(Collected data)
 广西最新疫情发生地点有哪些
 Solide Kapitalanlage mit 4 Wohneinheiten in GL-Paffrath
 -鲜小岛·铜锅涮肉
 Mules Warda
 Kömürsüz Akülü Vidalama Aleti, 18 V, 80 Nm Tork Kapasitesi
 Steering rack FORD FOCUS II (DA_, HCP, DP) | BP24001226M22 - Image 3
--
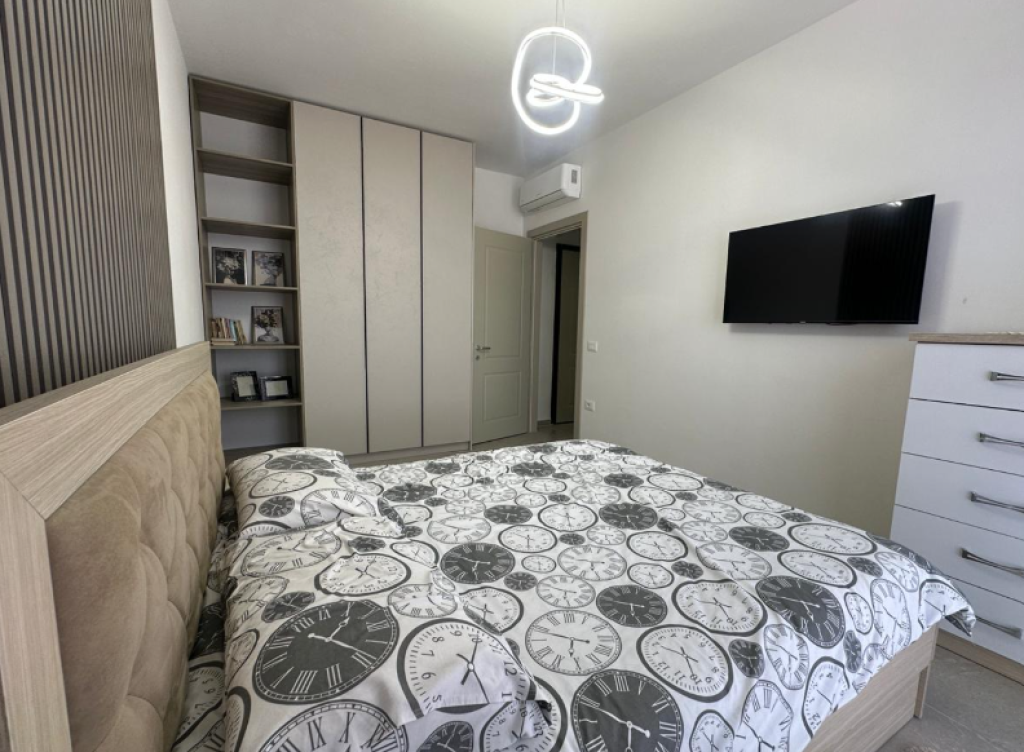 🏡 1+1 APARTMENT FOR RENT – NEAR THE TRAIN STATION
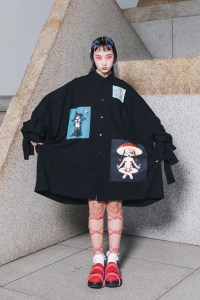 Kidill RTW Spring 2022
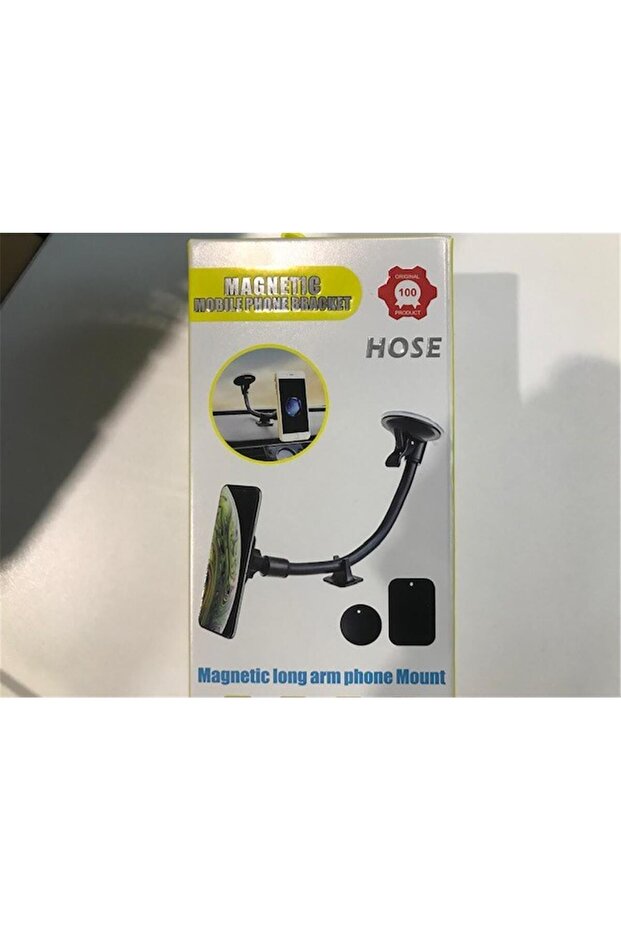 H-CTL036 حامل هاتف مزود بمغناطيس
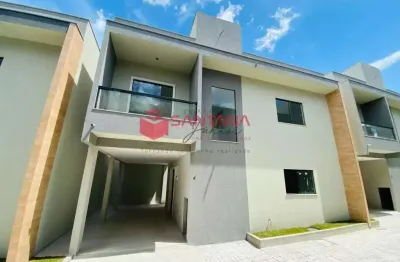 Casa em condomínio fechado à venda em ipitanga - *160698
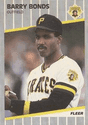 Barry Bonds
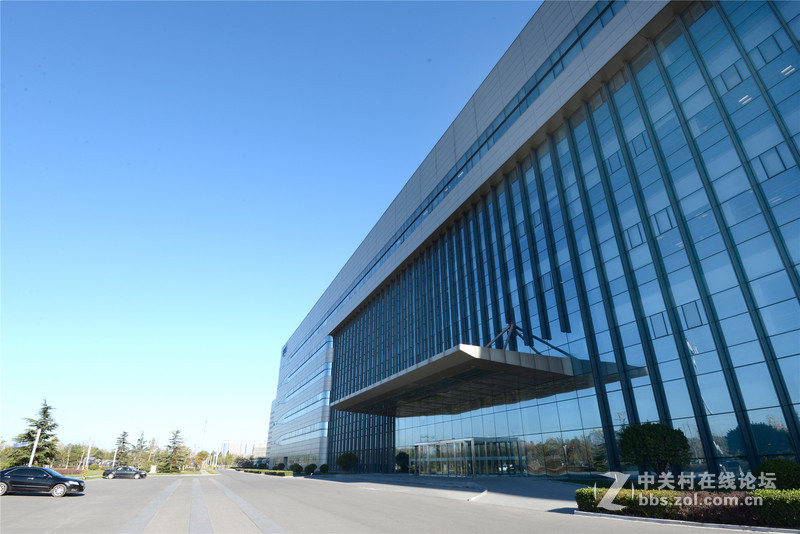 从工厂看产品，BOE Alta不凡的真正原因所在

▶ **Requirement**
Copy word for word the stretch of entries above from the line that has "广西最新疫情发生地点有哪些" through the line that has "Steering rack FORD", both ends included, and nothing outside it.

▶ **Answer box**
 广西最新疫情发生地点有哪些
 Solide Kapitalanlage mit 4 Wohneinheiten in GL-Paffrath
 -鲜小岛·铜锅涮肉
 Mules Warda
 Kömürsüz Akülü Vidalama Aleti, 18 V, 80 Nm Tork Kapasitesi
 Steering rack FORD FOCUS II (DA_, HCP, DP) | BP24001226M22 - Image 3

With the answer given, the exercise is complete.